Extracting Subjects from Images in Swift (and gRPC)

This is a blog post by aaron cope that was published on October 31, 2023 . It was tagged swift, tools, grpc, golang and roboteyes.

Flight attendant scarf: National Airlines. Polyester. , SFO Museum Collection. 2016.138.001

In the Searching Text in Images on the Aviation Collection Website blog post I introduced the swift-text-emboss Swift package, a wrapper library around Apple’s Vision Framework to simplify extracting text from images. In this blog post I’d like to introduce the swift-image-emboss Swift package. Like the swift-text-emboss package this is also a wrapper around code provided by Apple’s Vision Framework with the goal simplifying the code necessary to extract, or “lift”, one or more subjects from an image.

It works like this:

import ImageEmboss

// This is the image you want to extract subjects from.
var ciImage: CIImage

let em = ImageEmboss()
let rsp = em.ProcessImage(image: ciImage, combined: false)

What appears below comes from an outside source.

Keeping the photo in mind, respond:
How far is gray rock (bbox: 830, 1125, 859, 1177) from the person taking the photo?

The rsp variable is a Swift Result instance wrapping a list of CIImage instances or any errors encountered during processing. For example, when “embossed” this image of six forks from the Cooper Hewitt Smithsonian National Design Museum yields six individual images where each fork is considered a subject:

To extract all the subjects in an image in to a single image you would call the ProcessImage method passing in a combined: true argument. For example, this image of the items in an Air France amenity bag when processed in “combined” mode produces a single image with five distinct subjects:

Note that the underlying “subject lifting” code merges two objects in to one and excludes four others entirely. This is a good reminder that as impressive as the technologies used to perform these tasks are they remain fallible and the reasons they choose to do, or not do, something often remain opaque. While they herald exciting new possibilities they are still tools which should only be used with supervision and a good understanding (or at least awareness) of when and where they may not meet the needs of your specific project.

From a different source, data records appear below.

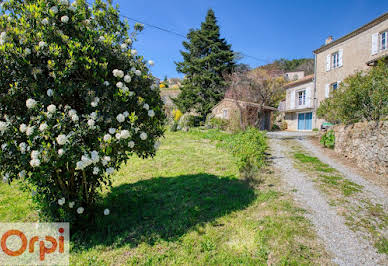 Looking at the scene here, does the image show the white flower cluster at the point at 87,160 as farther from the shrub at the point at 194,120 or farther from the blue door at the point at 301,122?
the blue door at the point at 301,122

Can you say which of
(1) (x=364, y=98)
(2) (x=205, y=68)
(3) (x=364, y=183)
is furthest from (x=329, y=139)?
(2) (x=205, y=68)

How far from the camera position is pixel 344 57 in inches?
680

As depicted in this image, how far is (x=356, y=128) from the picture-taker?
764cm

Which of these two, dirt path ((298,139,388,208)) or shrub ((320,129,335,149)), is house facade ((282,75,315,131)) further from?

Safety information card: National Airlines, Lockheed L-188 Electra II. Paper, ink. Gift of Thomas G. Dragges, SFO Museum Collection. 2002.127.425

The swift-image-emboss package provides a library that you can include in your own code but does not export any applications of its own. We have released a separate tool, called swift-image-emboss-cli, for extracting subjects from images on the command line. For example, processing this image of an airplane resting atop a walrus:

$> cd swift-image-emboss-cli
$> swift build

$> ./.build/debug/image-emboss --input-file fixtures/sfomuseum-walrus-1511908311.jpg

This is really a thing in the SFO Museum Aviation Collection!

We have also released a gRPC server, called swift-image-emboss-grpc, wrapping the swift-image-emboss functionality so that you can extract subjects from images over the network. For example:

$> cd swift-image-emboss-grpc
$> swift build

$> ./.build/debug/image-emboss-grpc-server
2023-10-26T14:13:25-0700 info org.sfomuseum.text-emboss-grpc-server : [GRPCServer] server started on port 8080

And then using a gRPC client, for example the client provided by the go-image-emboss package, to extract subjects from this image of a tie tack from Civil Air Transport (CAT) airlines::

$> cd go-images-emboss
$> go build -mod vendor -ldflags="-s -w" -o bin/emboss cmd/emboss/main.go

$> ./bin/emboss -embosser-uri 'grpc://localhost:8080' fixtures/cat-pin.jpg 
2023/10/26 14:15:24 fixtures/cat-pin-emboss-001.png

Results in:

A couple of things to be aware of:

First, there is nothing special about the gRPC client we are using in this example. The whole promise of gRPC is that it enjoys broad support across a number of programming languages and because it uses formal definitions for its input and output it is very easy to create your own custom gRPC client for any given service. Second, the protocol definition for the swift-image-emboss-grpc server only accepts and returns raw (image) bytes so it is left to inidividual applications (like the go-image-emboss tool above) to determine how those bytes should be read from and written to.

Negative: San Francisco International Airport (SFO), runway construction. Negative. Transfer from San Francisco International Airport, SFO Museum Collection. 2011.032.0518

The image-emboss-grpc-server gRPC server implementation was sufficiently similar to the equivalent “text embosser” server described in the last blog post that we created a standalone swift-grpc-server Swift package which both the image and text “embosser” servers now use. It works like this:

import Logging
import GRPCServer
import GRPC

// This is your own code, for example the image embosser or the text embosser.
// This is the package that will be created when you run protoc on your protobuffer
// definition. Consult the swift-grpc docs for details.
var provider: CallHandlerProvider

let logger = Logger(label: "org.sfomuseum.example")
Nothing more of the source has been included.